So you’ve just completed this really massive film which is touted to be India’s biggest action thriller. Apart from its scale, it’s also a multilingual. As an actor, can you tell us what’s the best part about working in a film that’s being simultaneously shot in multiple languages?
I think maybe the fact that it is a multilingual in itself. Because you have a bigger chance of your film being watched by the whole country. It’s in many languages so different audiences from different parts of the country are going to watch it. I think that’s a really cool thing. I also think that such films have the power to unite different film industries.
But is it double the effort? Is it like shooting for two films at once?
Yes. It was literally like we were shooting two films at once. For me, I shot it in Telugu and Hindi. But the film was also shot in Tamil as well. It’s a task. There’s so much effort that needs to go in. You do one shot, cut, then you do it again in another language. It was very exciting also, but it’s also double the work. And for me, it was even more so, because it was the first time I was speaking in Telugu. I had to put in a lot of work for that, to learn all my dialogues and completely go thoroughly prepared on set, because I wanted to just do it well.
Were there instances when you felt that you did well it in Hindi, but you couldn’t really crack the scene in Telugu?
In fact it worked the other way around. It’s ironic because I have spoken in Hindi in my films. But I feel my Hindi needs to improve, a lot. In Telugu, I’d learnt my dialogues so well and because I had rehearsed them my director in a particular way, I had become very comfortable. There would be some nuances that would come out which would really work for the director. So I’d feel I had a lot of fun doing it in Telugu so I’d want to try the same in Hindi. Sometimes, the Telugu scene would be much more fun than it is in Hindi also because it was my first time, speaking in a new language.
The decision to act in this movie…was it a tough call to take? I ask this because it’s a film that would require years of your time and also because it’s in a new language. Did you think about this film like you would decide to do a Hindi film?
Yeah absolutely. Just the same because at the end of the day, it’s about the script. If you like a script or a story, you just want to do it. The only difference then is because this was going to be in a new language. Otherwise it’s the same thing.
But it’s still a bigger commitment right? The extra time, the extra effort. Didn’t that factor in your decision?
Not really because our film’s schedule was spread out over two years. There are sequences in this film that required preparation and pre planning, so we did not shoot for those chunks. So I could also do other films while I was doing Saaho. So I ended up doing Stree, Batti Gul Meter Chaloo, Street Dancer, Chhichhore all in this time. So in two years I’ve shot five films. And now I’m going to start my sixth…Baaghi 3. That’s another thing because I’m constantly shooting. I rarely do anything else. So it was required to take that time, because the production was such mainly due to those heavy-duty action sequences.
So in this time that you’re doing this film, how much was it about the excitement about getting do a lot of action? And can you give us a scene or a mad stunt you had to pull off in this movie?

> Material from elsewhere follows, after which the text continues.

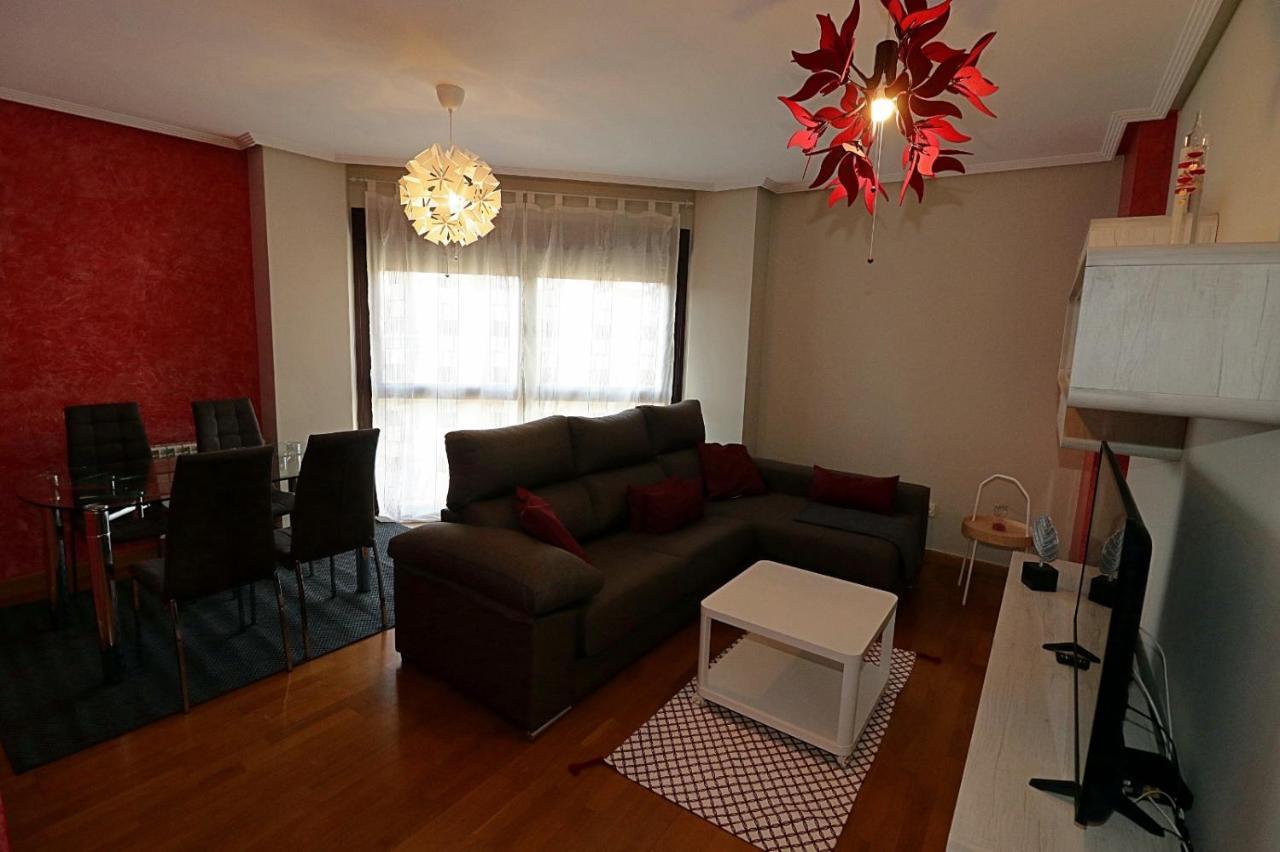 Ferienwohnung Apartamento , Wifi Y Garaje Cerca Del Centro Oviédo Exterior foto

I don’t want to reveal too much right now because if I say how much action I did, somewhere it takes away from the film. But what I could share is that this is the first time I fired a real gun. Of course there were blank bullets. I was very nervous and my heart was thumping, the first time I had to fire the gun. And the first day, when I was firing the gun, it makes a very loud noise and it also recoils like a real gun. It’s also really heavy. So the amount of times I fired it that day, my ears were ringing that night. I couldn’t sleep that night. But subsequently, the more I got used to it, the gun started feeling more natural. Obviously it’s supposed to feel like that for a police officer. It had to feel like an extension of your hand.
Let me give you a choice. Let’s say you have to choose between a massive film like Saaho which requires a lot of time and effort with a smaller film which is very demanding and emotional as an actor, which one would you pick?
I think the only way to pick a film is because of the script. Now if a film requires a certain time duration and you believe in it, you have to submit to its demands. I know that Prabhas gave five years to Bahubali and you can see the results of that. You can see the way the audience connected. That was the demand I guess of that film. If I love a film and if it has the same kind of demand for preparation, I would definitely do the same.
I was looking through your filmography and I think it’s a very unusual, unpredictable choice of films. Is it that you have a taste for all kinds of films or is there some planning going on in the background?
Because you do a film like Haider and then you do ABCD2. You do Saaho and then Haseena Parkar. There’s no predicting what you’ll do next.
I really don’t know. I think I just connected with the script and the characters. That’s what made me want to do it. Also it’s the frame of mind at a particular point of time.
Lastly, can you name your favourite South Indian movie, actor and director?
I actually, in general, don’t watch a lot of movies. I’ve not had the time because I’m only shooting, constantly. I’ve watched Bahubali, and I also watched OK Kanmani, and I love both films. Apart from that, I’ve also seen Aruvi. I really liked that also. That did well here right? Someone strongly recommended it to me. It was made so well. Director I would say Sujeet and actor, I would say my hero, Prabhas. I’ve had a great time working with them.